** Directions for this task **
Only the lines from the opening of the material through the one containing "130 Topaz Trl, Cortland, OH, 44410-1378" should be reproduced, each exactly as it stands.

** Record excerpts **

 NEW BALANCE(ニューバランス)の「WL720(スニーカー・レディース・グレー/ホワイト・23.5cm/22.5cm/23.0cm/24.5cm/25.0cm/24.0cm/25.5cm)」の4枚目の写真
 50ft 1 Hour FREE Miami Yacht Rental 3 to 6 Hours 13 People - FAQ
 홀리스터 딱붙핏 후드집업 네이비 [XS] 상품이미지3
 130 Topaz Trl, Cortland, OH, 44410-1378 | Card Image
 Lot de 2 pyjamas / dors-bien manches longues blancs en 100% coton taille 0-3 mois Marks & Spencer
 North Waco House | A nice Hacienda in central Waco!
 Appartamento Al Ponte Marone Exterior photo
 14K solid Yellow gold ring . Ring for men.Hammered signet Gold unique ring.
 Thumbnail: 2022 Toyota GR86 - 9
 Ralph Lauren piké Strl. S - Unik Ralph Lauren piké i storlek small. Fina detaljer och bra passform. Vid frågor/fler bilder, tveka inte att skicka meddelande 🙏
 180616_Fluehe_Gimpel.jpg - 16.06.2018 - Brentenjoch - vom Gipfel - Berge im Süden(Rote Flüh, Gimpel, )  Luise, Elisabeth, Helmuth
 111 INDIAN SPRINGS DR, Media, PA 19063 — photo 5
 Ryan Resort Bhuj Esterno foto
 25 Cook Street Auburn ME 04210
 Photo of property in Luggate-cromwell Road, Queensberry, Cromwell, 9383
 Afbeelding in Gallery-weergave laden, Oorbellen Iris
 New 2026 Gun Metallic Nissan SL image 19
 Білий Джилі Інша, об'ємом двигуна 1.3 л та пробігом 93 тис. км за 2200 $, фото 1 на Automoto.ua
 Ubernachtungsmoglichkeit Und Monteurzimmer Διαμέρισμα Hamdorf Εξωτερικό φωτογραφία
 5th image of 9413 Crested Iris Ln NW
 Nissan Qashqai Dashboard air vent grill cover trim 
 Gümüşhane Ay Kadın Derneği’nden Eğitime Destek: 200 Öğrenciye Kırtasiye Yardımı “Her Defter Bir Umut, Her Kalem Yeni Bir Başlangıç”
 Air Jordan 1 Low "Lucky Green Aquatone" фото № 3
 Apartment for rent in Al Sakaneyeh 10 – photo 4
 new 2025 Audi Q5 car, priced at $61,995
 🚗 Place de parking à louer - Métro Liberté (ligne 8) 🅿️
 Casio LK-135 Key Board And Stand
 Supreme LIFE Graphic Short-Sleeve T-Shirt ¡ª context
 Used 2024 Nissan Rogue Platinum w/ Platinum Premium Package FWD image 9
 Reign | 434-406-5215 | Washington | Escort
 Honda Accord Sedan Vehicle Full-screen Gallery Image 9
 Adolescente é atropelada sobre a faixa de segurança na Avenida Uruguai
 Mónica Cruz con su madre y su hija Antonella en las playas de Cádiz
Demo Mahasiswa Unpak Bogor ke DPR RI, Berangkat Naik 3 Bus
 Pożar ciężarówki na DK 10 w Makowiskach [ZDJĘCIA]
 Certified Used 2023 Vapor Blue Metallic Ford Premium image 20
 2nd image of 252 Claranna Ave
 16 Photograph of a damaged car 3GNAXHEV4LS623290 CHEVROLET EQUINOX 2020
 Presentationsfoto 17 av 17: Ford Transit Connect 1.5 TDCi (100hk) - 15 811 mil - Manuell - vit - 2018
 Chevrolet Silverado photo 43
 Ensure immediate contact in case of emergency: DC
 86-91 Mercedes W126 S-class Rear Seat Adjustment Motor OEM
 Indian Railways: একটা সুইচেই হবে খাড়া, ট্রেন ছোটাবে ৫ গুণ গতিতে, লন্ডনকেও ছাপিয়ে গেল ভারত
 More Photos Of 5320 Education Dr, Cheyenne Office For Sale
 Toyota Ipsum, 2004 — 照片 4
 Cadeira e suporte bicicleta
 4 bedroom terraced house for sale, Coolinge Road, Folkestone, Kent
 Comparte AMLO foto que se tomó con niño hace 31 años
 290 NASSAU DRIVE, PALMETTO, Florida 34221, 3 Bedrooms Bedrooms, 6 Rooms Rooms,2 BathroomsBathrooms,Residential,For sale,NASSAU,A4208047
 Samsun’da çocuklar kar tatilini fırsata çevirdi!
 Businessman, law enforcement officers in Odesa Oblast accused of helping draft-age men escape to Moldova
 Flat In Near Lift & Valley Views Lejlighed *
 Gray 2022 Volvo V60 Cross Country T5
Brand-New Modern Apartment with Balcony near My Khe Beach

** Solution below **
 NEW BALANCE(ニューバランス)の「WL720(スニーカー・レディース・グレー/ホワイト・23.5cm/22.5cm/23.0cm/24.5cm/25.0cm/24.0cm/25.5cm)」の4枚目の写真
 50ft 1 Hour FREE Miami Yacht Rental 3 to 6 Hours 13 People - FAQ
 홀리스터 딱붙핏 후드집업 네이비 [XS] 상품이미지3
 130 Topaz Trl, Cortland, OH, 44410-1378 | Card Image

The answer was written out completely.